Bloblang Functions
Functions can be placed anywhere and allow you to extract information from your environment, generate values, or access data from the underlying message being mapped:
root.doc.id = uuid_v4()
root.doc.received_at = now()
root.doc.host = hostname()
Functions support both named and nameless style arguments:
root.values_one = range(start: 0, stop: this.max, step: 2)
root.values_two = range(0, this.max, 2)
General
counter
This function is experimental and therefore breaking changes could be made to it outside of major version releases.

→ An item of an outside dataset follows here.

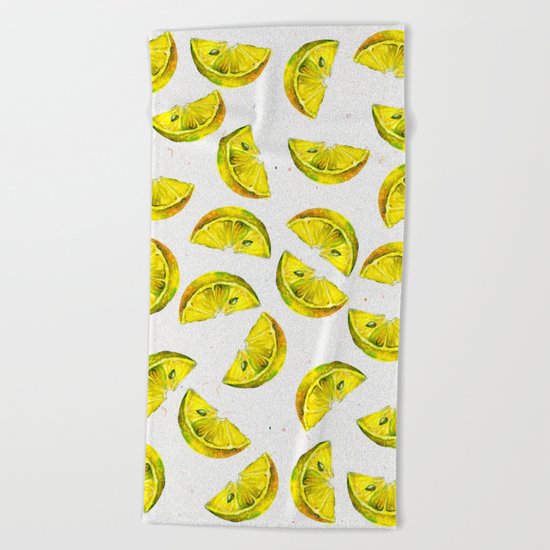 Lemon Slices Pattern White Beach Towel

Returns a non-negative integer that increments each time it is resolved, yielding the minimum (1
by default) as the first value. Each instantiation of counter
has its own independent count. Once the maximum integer (or max
argument) is reached the counter resets back to the minimum.
Parameters
min
<query expression, default 1
> The minimum value of the counter, this is the first value that will be yielded. If this parameter is dynamic it will be resolved only once during the lifetime of the mapping.
max
<query expression, default 9223372036854775807
> The maximum value of the counter, once this value is yielded the counter will reset back to the min. If this parameter is dynamic it will be resolved only once during the lifetime of the mapping.
set
<(optional) query expression> An optional mapping that when specified will be executed each time the counter is resolved. When this mapping resolves to a non-negative integer value it will cause the counter to reset to this value and yield it. If this mapping is omitted or doesn't resolve to anything then the counter will increment and yield the value as normal. If this mapping resolves to null
then the counter is not incremented and the current value is yielded. If this mapping resolves to a deletion then the counter is reset to the min
value.
Examples
root.id = counter()
# In: {}
# Out: {"id":1}
# In: {}
# Out: {"id":2}
It's possible to increment a counter multiple times within a single mapping invocation using a map.
map foos {
root = counter()
}
root.meow_id = null.apply("foos")
root.woof_id = null.apply("foos")
# In: {}
# Out: {"meow_id":1,"woof_id":2}
# In: {}
# Out: {"meow_id":3,"woof_id":4}
By specifying an optional set
parameter it is possible to dynamically reset the counter based on input data.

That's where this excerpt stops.